*** Begin section ***

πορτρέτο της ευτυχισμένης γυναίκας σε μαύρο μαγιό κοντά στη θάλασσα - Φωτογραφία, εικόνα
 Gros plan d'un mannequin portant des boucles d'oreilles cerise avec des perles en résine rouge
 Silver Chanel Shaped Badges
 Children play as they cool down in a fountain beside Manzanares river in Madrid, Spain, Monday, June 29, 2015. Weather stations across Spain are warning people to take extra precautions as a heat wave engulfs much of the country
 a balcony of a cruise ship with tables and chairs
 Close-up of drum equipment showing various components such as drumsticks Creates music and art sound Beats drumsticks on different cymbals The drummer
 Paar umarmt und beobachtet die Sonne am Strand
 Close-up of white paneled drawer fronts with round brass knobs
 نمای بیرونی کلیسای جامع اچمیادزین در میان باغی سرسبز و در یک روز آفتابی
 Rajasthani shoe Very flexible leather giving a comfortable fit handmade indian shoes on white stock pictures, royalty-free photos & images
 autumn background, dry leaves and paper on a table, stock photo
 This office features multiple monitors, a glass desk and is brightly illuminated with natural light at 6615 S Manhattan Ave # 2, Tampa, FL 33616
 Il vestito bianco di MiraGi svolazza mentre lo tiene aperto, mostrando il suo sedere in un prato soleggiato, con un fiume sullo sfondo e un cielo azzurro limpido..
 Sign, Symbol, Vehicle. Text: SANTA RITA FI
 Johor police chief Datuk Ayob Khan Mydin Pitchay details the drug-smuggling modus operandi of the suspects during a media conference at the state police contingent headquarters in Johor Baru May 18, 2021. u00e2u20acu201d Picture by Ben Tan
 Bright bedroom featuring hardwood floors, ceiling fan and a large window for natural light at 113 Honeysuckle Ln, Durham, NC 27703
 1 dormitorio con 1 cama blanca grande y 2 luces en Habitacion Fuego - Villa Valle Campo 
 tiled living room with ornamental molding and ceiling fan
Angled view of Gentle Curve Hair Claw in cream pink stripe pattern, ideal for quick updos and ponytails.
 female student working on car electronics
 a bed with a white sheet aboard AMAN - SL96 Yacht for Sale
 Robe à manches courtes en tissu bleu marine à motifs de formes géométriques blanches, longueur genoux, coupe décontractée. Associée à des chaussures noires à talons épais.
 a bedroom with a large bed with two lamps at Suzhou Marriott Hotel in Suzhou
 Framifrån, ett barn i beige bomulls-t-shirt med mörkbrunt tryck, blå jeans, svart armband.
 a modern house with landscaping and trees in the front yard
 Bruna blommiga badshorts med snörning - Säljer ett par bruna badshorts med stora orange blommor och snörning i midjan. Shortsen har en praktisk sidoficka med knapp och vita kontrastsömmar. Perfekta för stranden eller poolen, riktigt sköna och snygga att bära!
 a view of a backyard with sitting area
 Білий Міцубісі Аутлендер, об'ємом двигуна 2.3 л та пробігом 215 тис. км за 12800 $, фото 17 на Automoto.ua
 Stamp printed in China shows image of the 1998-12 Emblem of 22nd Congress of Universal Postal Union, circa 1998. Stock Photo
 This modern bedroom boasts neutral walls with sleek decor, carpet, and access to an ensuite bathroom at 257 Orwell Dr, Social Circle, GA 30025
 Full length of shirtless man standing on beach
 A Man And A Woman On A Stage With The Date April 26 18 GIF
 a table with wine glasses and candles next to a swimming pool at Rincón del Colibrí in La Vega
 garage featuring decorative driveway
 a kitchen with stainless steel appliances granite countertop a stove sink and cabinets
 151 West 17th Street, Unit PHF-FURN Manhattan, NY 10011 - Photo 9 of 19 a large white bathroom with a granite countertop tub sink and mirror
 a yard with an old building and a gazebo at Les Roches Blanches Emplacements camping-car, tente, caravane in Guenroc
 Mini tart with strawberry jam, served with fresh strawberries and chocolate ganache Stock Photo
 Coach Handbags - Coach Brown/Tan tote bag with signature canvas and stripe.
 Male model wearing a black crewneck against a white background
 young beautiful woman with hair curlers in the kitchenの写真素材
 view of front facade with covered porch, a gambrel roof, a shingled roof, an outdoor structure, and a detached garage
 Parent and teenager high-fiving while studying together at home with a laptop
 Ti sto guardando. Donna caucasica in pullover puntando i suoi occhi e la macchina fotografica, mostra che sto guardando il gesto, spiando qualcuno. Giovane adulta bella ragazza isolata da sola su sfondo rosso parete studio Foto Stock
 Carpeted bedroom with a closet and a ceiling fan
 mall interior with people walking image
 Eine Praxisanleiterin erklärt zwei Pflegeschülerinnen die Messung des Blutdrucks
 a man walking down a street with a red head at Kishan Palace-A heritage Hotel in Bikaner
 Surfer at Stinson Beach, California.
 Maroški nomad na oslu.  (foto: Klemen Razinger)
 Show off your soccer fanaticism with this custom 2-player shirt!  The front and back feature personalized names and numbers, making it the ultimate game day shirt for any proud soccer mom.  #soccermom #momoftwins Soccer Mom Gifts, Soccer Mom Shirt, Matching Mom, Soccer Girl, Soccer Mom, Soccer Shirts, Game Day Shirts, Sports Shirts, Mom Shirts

*** End section ***

Could you write out, exactly as they stand, only the lines above that begin at the line with "view of front" and stop after the line with "Maroški nomad na"?

**Solved problem:**
 view of front facade with covered porch, a gambrel roof, a shingled roof, an outdoor structure, and a detached garage
 Parent and teenager high-fiving while studying together at home with a laptop
 Ti sto guardando. Donna caucasica in pullover puntando i suoi occhi e la macchina fotografica, mostra che sto guardando il gesto, spiando qualcuno. Giovane adulta bella ragazza isolata da sola su sfondo rosso parete studio Foto Stock
 Carpeted bedroom with a closet and a ceiling fan
 mall interior with people walking image
 Eine Praxisanleiterin erklärt zwei Pflegeschülerinnen die Messung des Blutdrucks
 a man walking down a street with a red head at Kishan Palace-A heritage Hotel in Bikaner
 Surfer at Stinson Beach, California.
 Maroški nomad na oslu.  (foto: Klemen Razinger)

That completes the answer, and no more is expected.